===== Extracted material =====
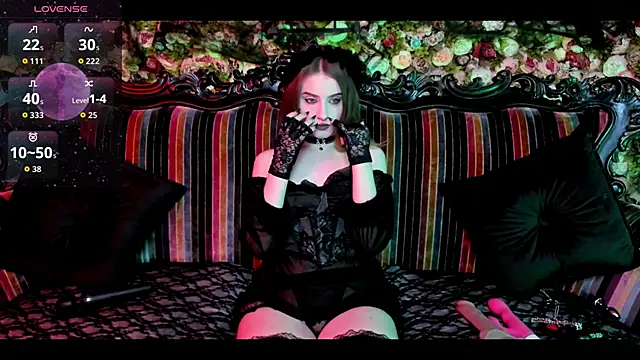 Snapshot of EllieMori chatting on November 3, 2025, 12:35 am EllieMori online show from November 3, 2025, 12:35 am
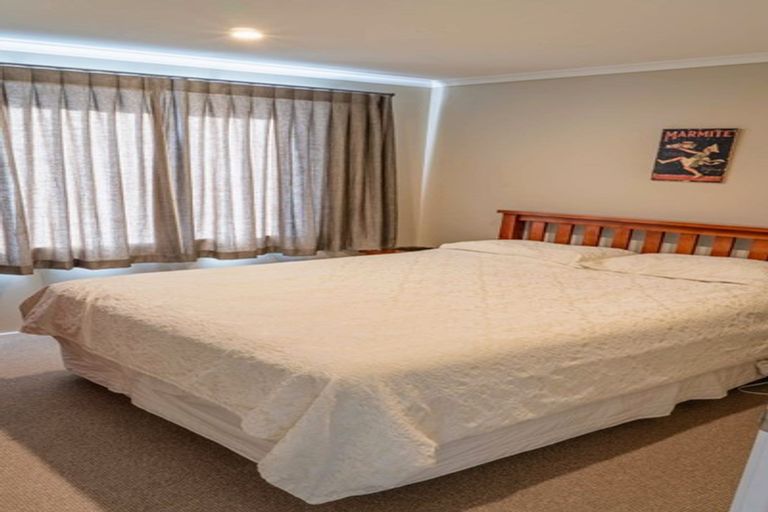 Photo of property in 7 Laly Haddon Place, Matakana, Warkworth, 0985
=====
===== Extracted material =====
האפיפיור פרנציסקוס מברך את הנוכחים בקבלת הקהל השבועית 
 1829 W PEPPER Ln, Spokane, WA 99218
=====
● Your assignment
Working from the records above, set down word for word everything from the line containing "Snapshot of EllieMori" down to the line containing "Photo of property", ends included, minus the pictures.

● Exercise result
 Snapshot of EllieMori chatting on November 3, 2025, 12:35 am EllieMori online show from November 3, 2025, 12:35 am
 Photo of property in 7 Laly Haddon Place, Matakana, Warkworth, 0985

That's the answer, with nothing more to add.